TASK DIRECTIONS -
Print every record below exactly, minus the pictures.

(Extracted records)
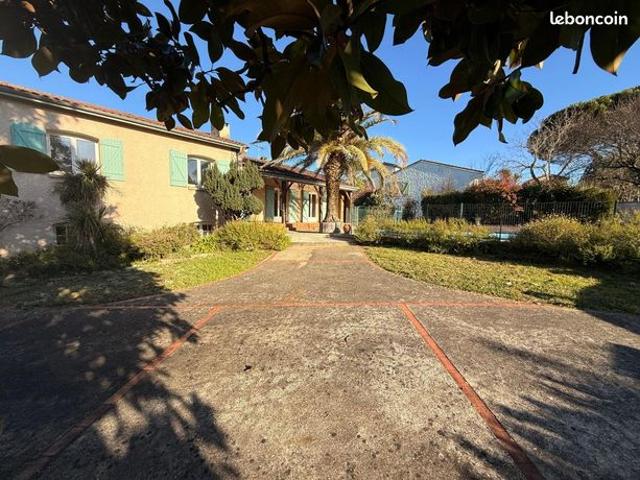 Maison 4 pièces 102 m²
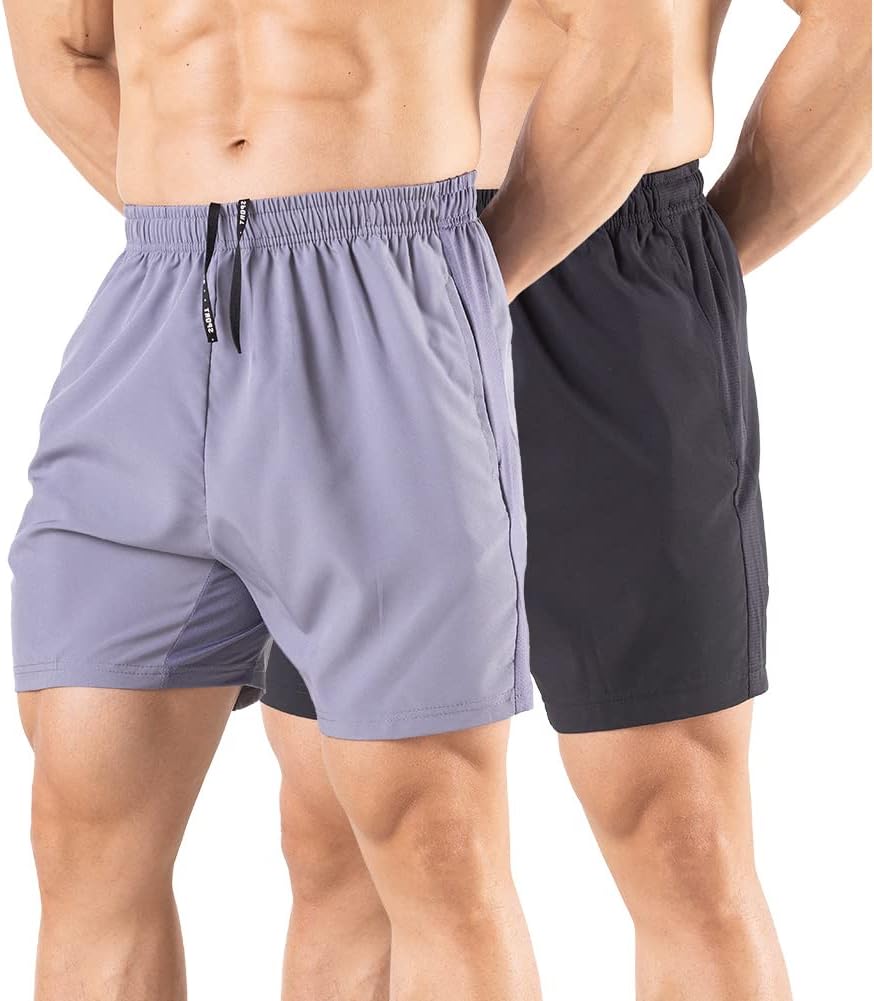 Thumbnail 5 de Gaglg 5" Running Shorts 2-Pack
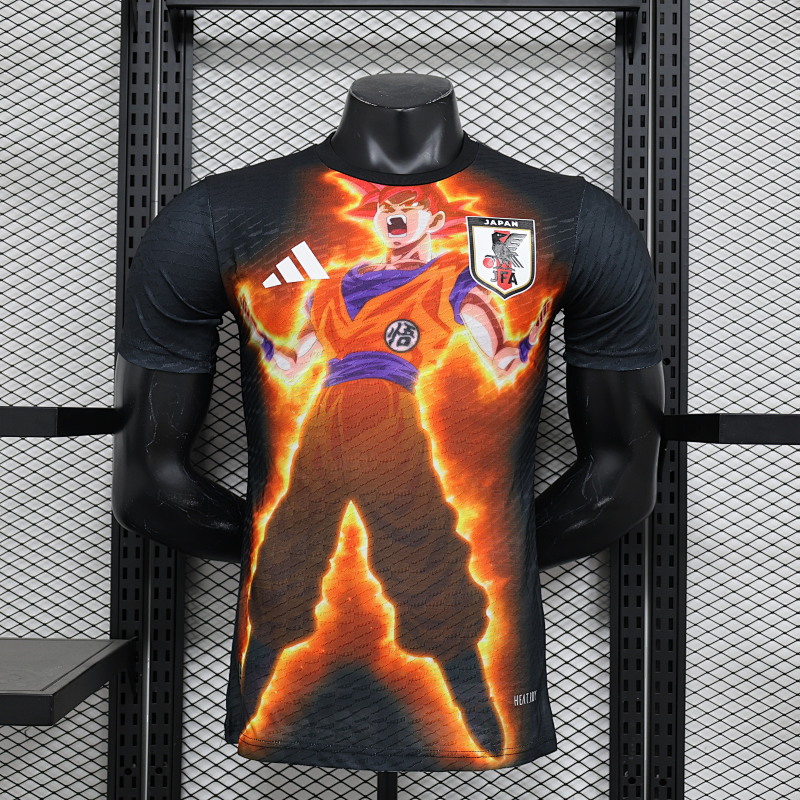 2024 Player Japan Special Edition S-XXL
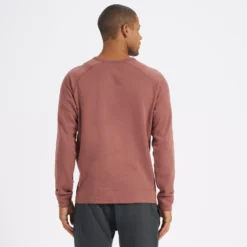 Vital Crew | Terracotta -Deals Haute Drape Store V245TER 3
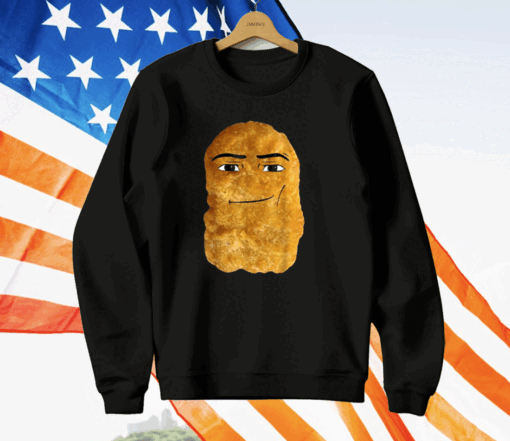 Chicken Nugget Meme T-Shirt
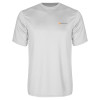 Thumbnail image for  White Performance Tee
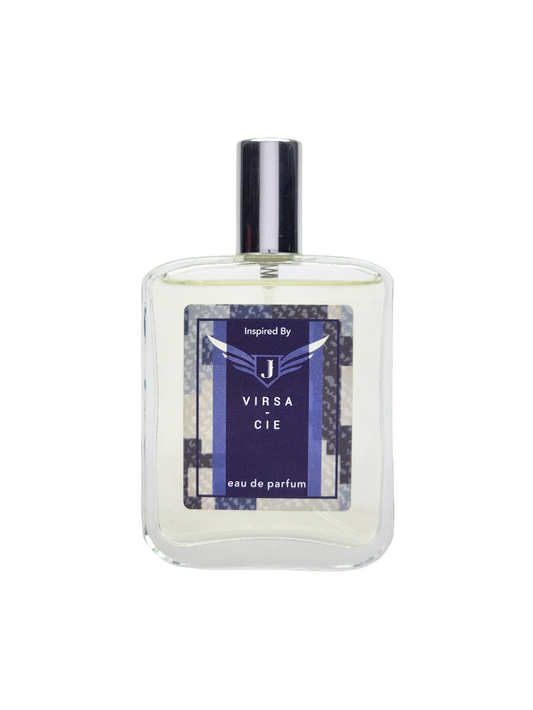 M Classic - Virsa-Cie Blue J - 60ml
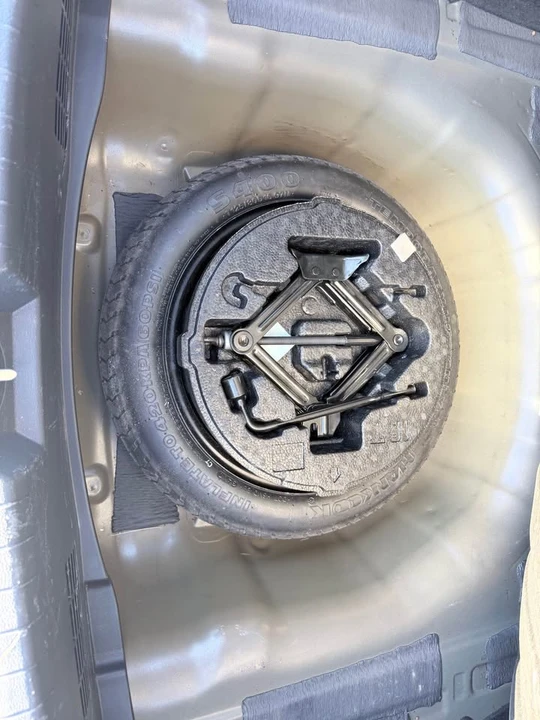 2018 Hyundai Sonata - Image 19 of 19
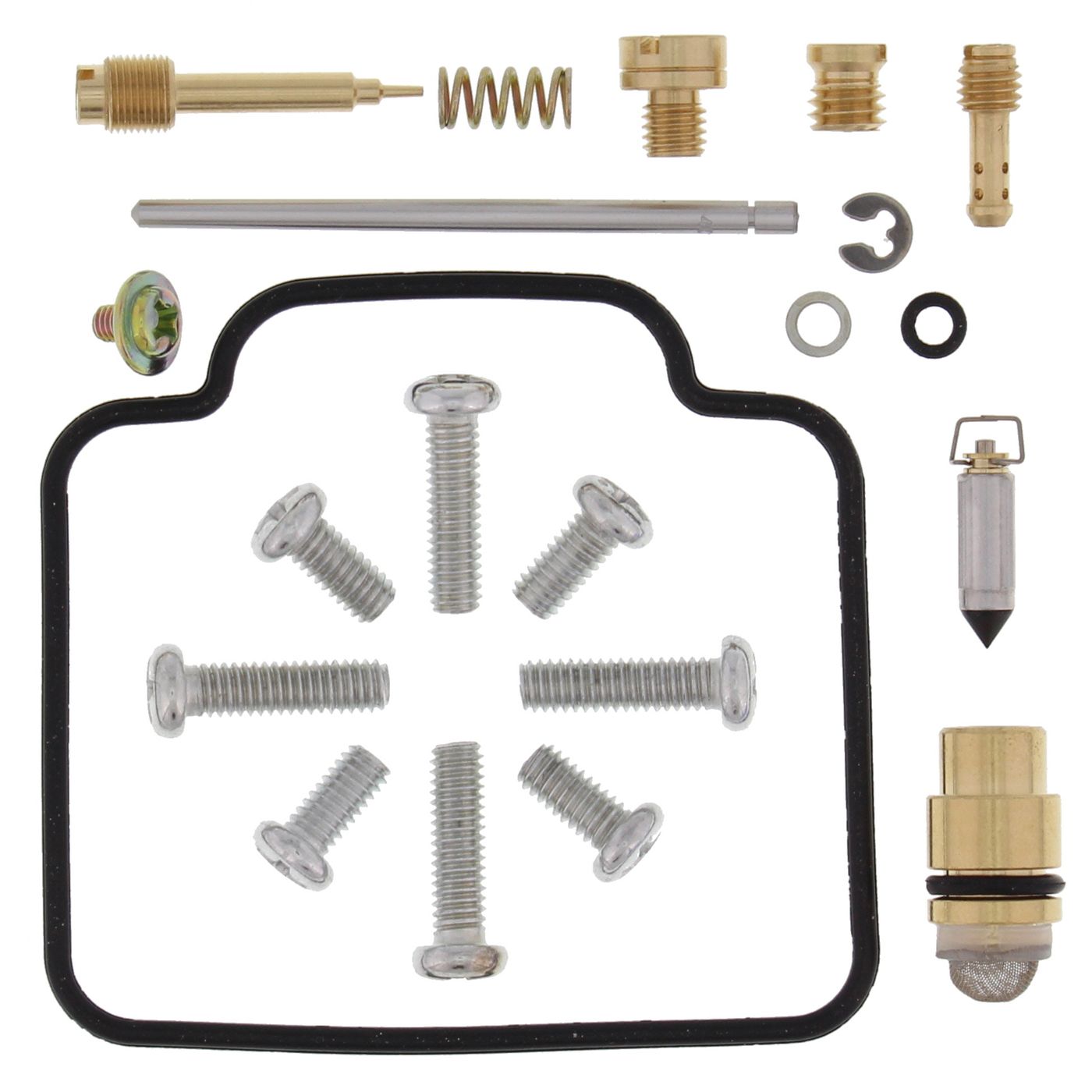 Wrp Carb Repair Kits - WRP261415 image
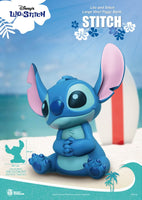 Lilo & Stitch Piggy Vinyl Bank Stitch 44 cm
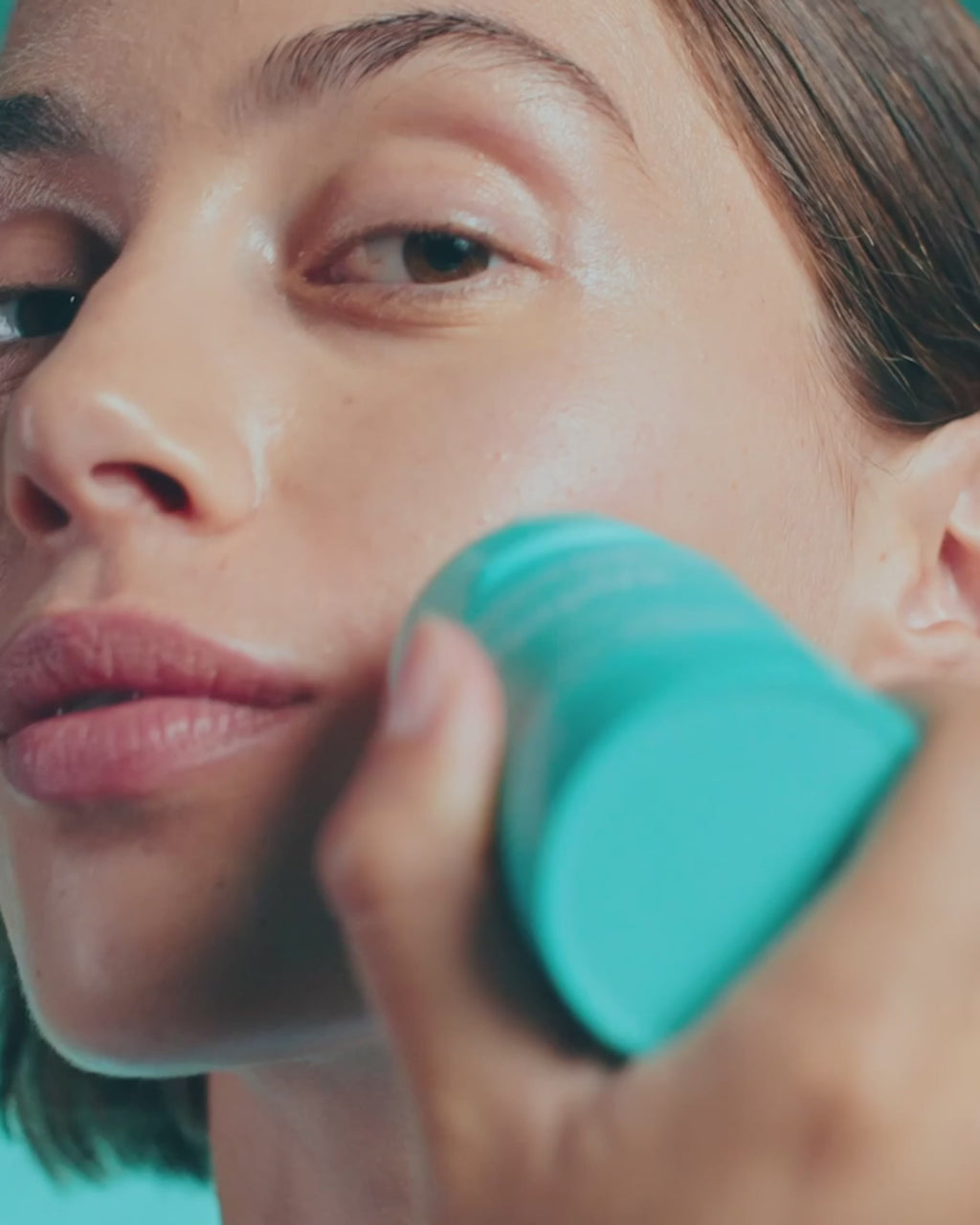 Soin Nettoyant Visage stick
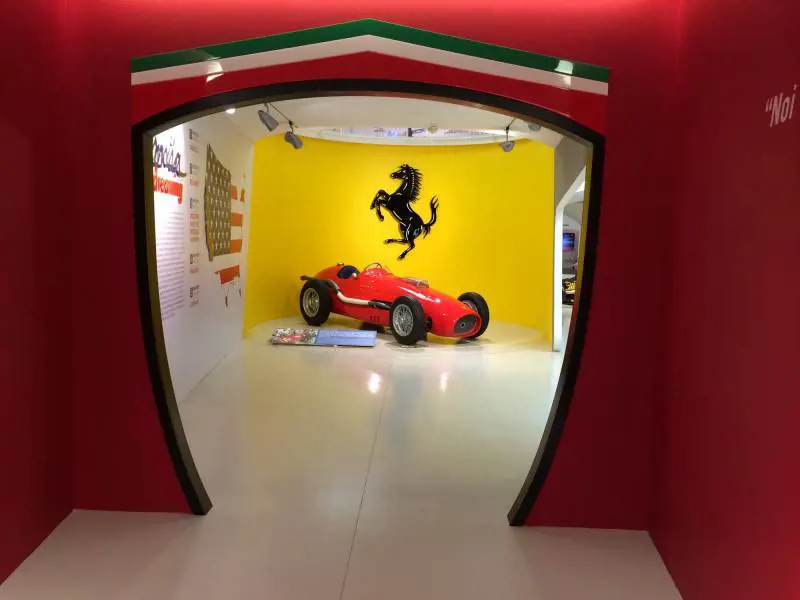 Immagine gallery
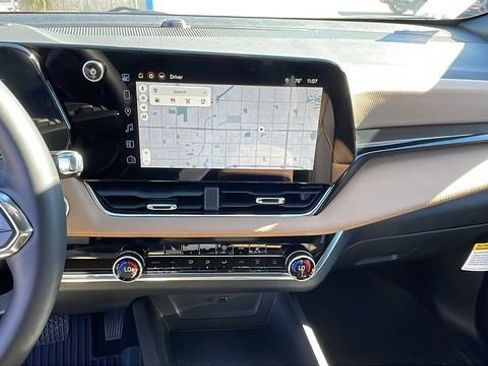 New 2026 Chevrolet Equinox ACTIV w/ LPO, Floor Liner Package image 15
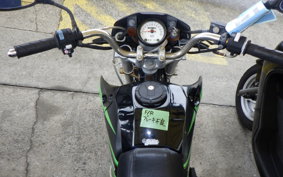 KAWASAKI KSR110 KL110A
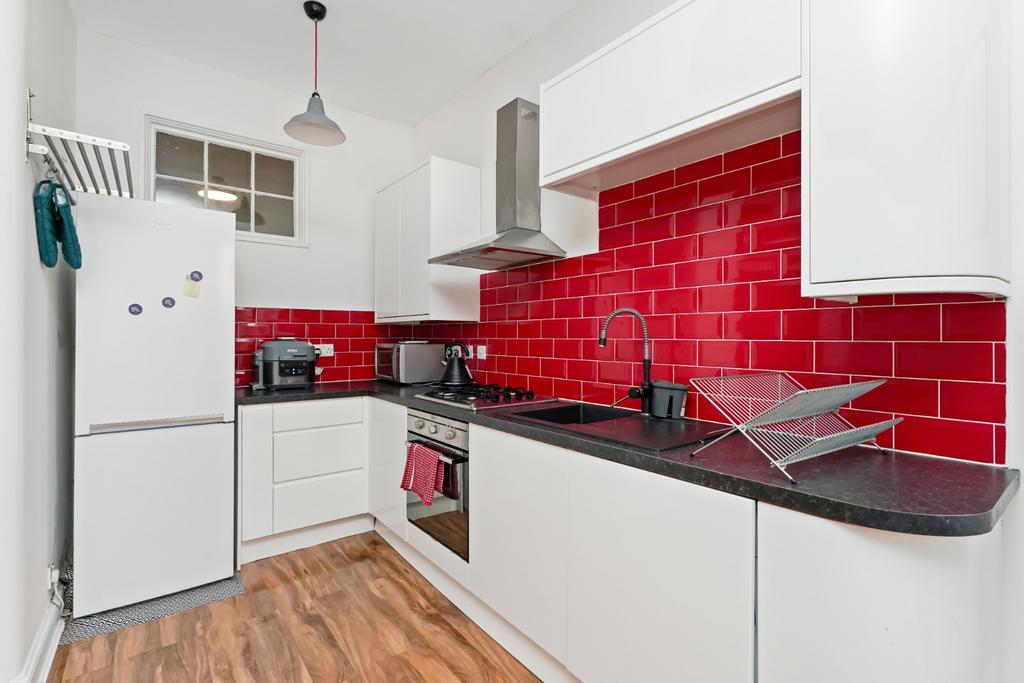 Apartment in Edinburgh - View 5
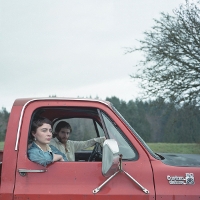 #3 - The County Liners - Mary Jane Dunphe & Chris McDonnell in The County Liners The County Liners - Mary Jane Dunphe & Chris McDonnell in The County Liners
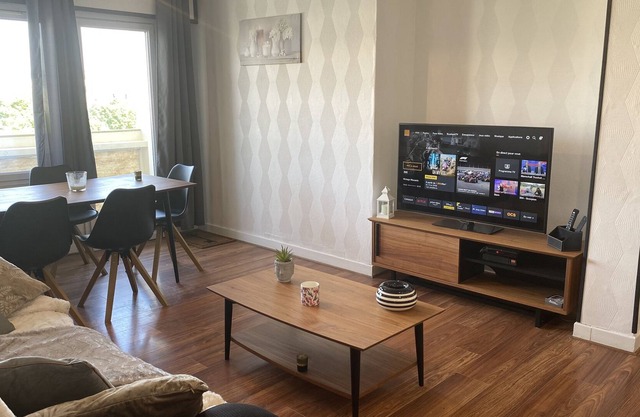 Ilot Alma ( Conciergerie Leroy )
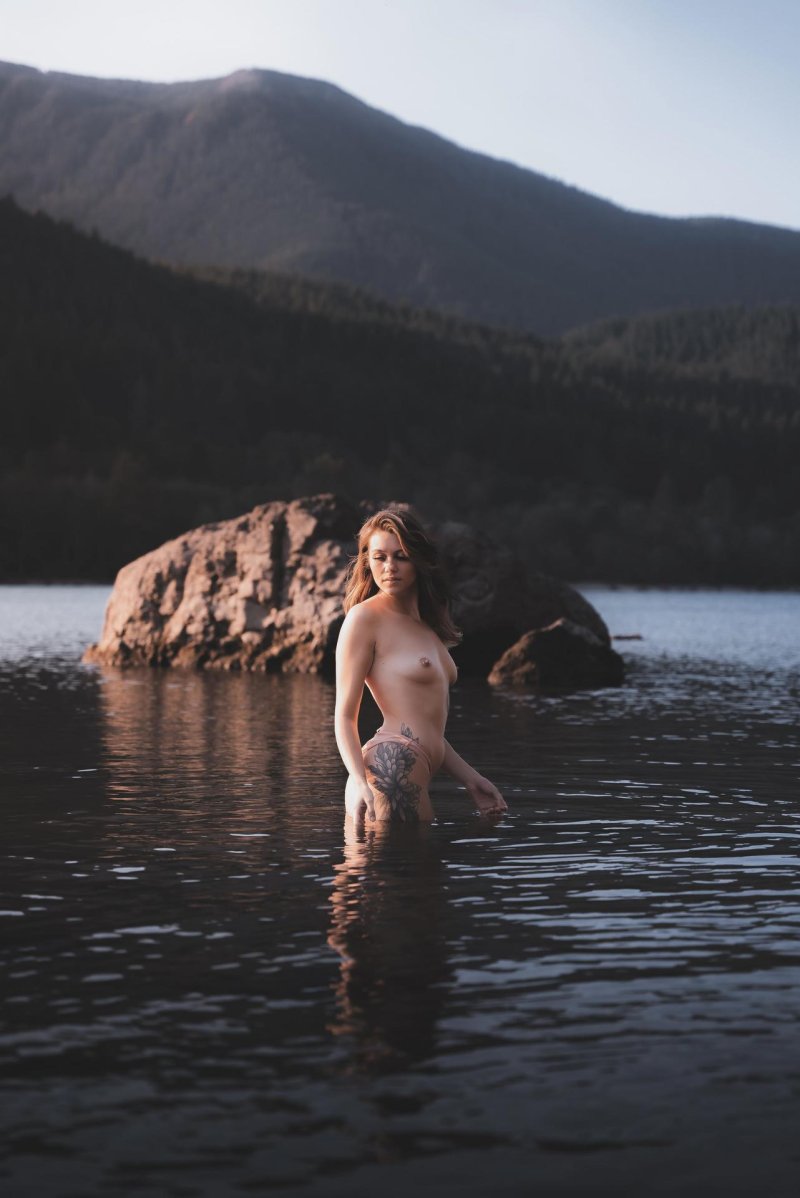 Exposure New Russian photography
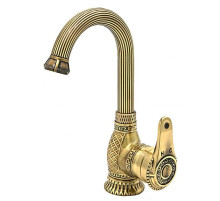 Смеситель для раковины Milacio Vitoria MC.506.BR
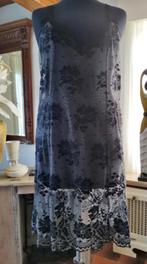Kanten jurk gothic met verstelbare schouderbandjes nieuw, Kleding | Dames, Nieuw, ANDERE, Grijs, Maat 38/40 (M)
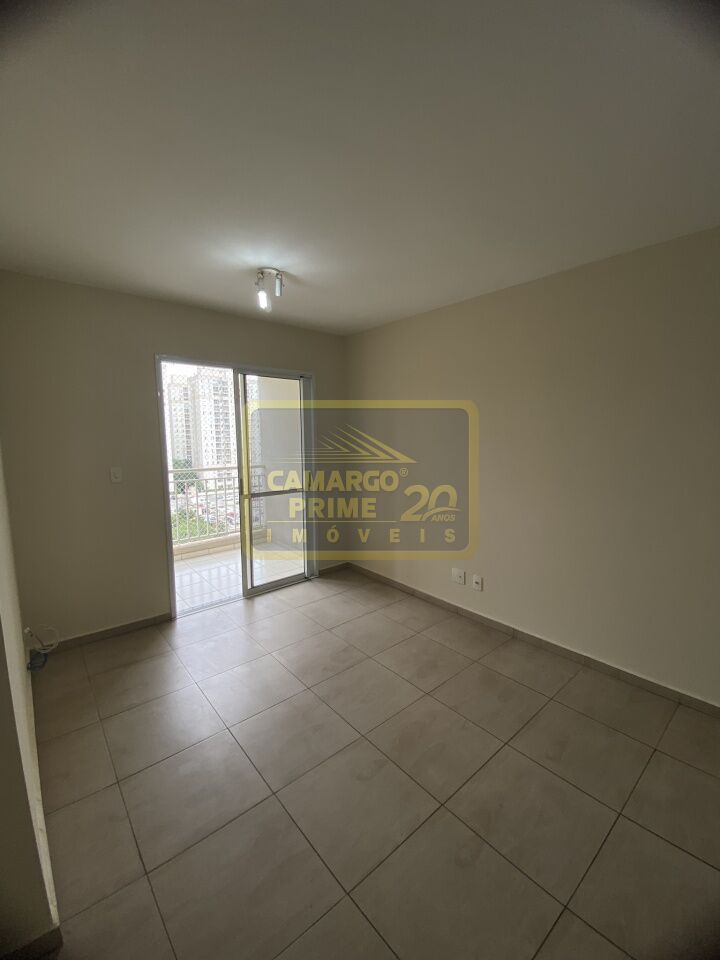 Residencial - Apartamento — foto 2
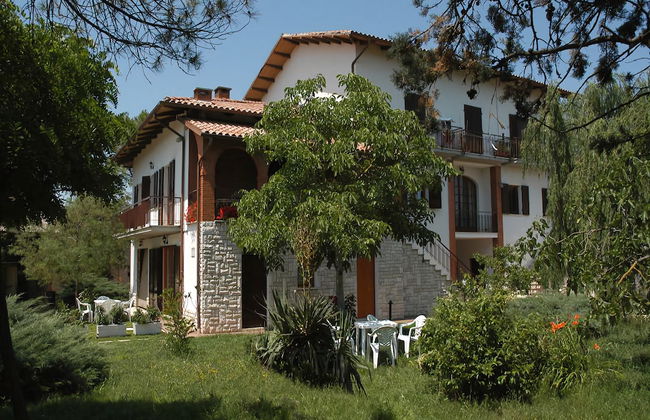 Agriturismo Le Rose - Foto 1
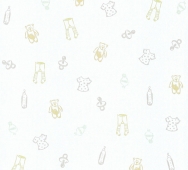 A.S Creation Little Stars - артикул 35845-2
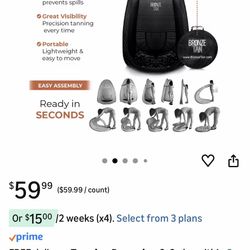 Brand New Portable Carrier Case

RESPONSE BELOW -
 Maison 4 pièces 102 m²
 Thumbnail 5 de Gaglg 5" Running Shorts 2-Pack
 2024 Player Japan Special Edition S-XXL
 Vital Crew | Terracotta -Deals Haute Drape Store V245TER 3
 Chicken Nugget Meme T-Shirt
 Thumbnail image for  White Performance Tee
 M Classic - Virsa-Cie Blue J - 60ml
 2018 Hyundai Sonata - Image 19 of 19
 Wrp Carb Repair Kits - WRP261415 image
 Lilo & Stitch Piggy Vinyl Bank Stitch 44 cm
 Soin Nettoyant Visage stick
 Immagine gallery
 New 2026 Chevrolet Equinox ACTIV w/ LPO, Floor Liner Package image 15
 KAWASAKI KSR110 KL110A
 Apartment in Edinburgh - View 5
 #3 - The County Liners - Mary Jane Dunphe & Chris McDonnell in The County Liners The County Liners - Mary Jane Dunphe & Chris McDonnell in The County Liners
 Ilot Alma ( Conciergerie Leroy )
 Exposure New Russian photography
 Смеситель для раковины Milacio Vitoria MC.506.BR
Kanten jurk gothic met verstelbare schouderbandjes nieuw, Kleding | Dames, Nieuw, ANDERE, Grijs, Maat 38/40 (M)
 Residencial - Apartamento — foto 2
 Agriturismo Le Rose - Foto 1
 A.S Creation Little Stars - артикул 35845-2
 Brand New Portable Carrier Case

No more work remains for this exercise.